Note: Your solution should run in O(log n) time and O(1) space.

METHOD 1:

 

class Solution {
    public int singleNonDuplicate(int[] nums) {
        int result = 0;
        for(int num:nums)
            result ^= num;
        return result;
    }
}

Try it on Leetcode

Here we are going to do XOR operation. Because, in the problem itself they mentioned that each number in array repeated twice and only one number occurs once. Also XOR of same number is 0 and if continue doing with all numbers the final result contains that non repeating number.

Time Complexity: O(N)

But in the question note, they mention that we have to finish the iteration in O(logN). Thus, the below solution find out result in the given time complexity.

METHOD 2:

 
class Solution {
    public int singleNonDuplicate(int[] nums) {
        int left = 0, right = nums.length-1;
        while(left < right){
            int mid = (left + right)/2;
            if( (mid % 2 == 0 && nums[mid] == nums[mid +1]) || 
                   (mid %2 == 1 && nums[mid] == nums[mid - 1]) )
                left = mid + 1;
            else
                right = mid;
        }
        return nums[left];
    }   
}

Here, we are doing binary search.. If you check the given example, if one number present in even position then same number occur in odd position. Only non-repeated number doen't have the pair.

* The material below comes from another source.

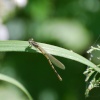 Damsel fly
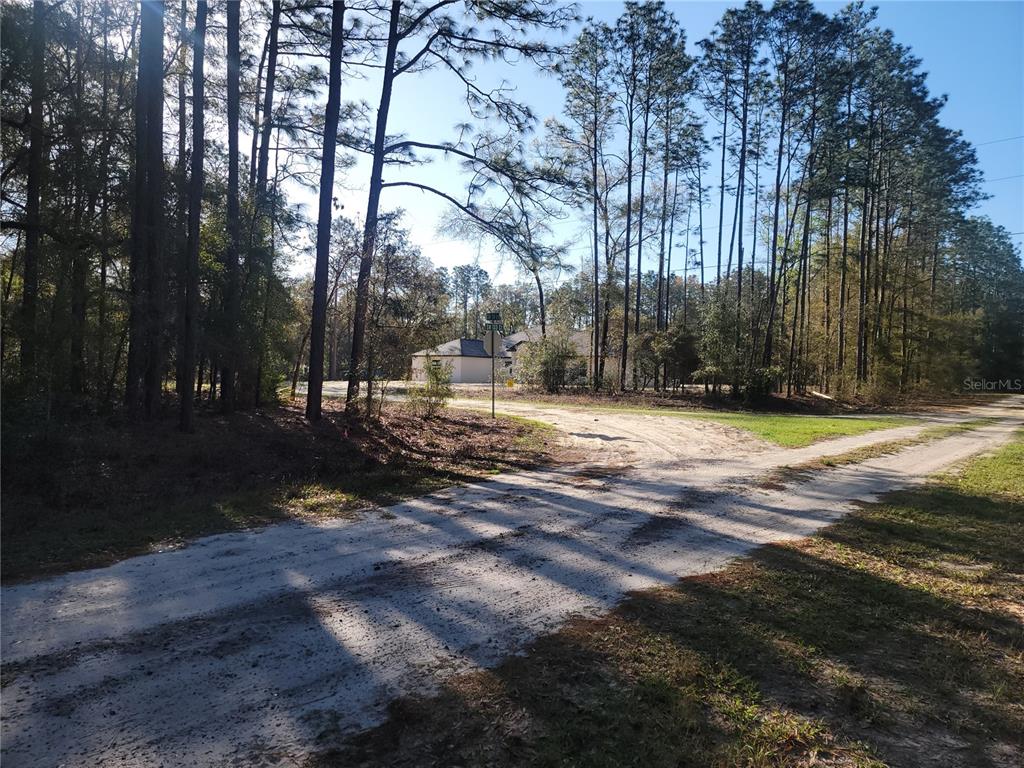 0 Southwest 133rd Court Ocala, FL 34481 - Photo 3 of 6 a view of outdoor space with trees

1) Initially left is 0, right is length-1 and we will iterate until left < right is true.
2) Find mid.
3) If any one of below conditions are true,  then increase mid by 1 and store it in left.
 a) If mid is even, then check mid+1 will be its pair.
 b) If mid is odd, then check and mid-1 will be its pair.
4) If step 3, fails, then store mid in right.
5) Repeat above steps and finally nums[left] will be a non repeating number, which will be even position.

Time Complexity: O(log N)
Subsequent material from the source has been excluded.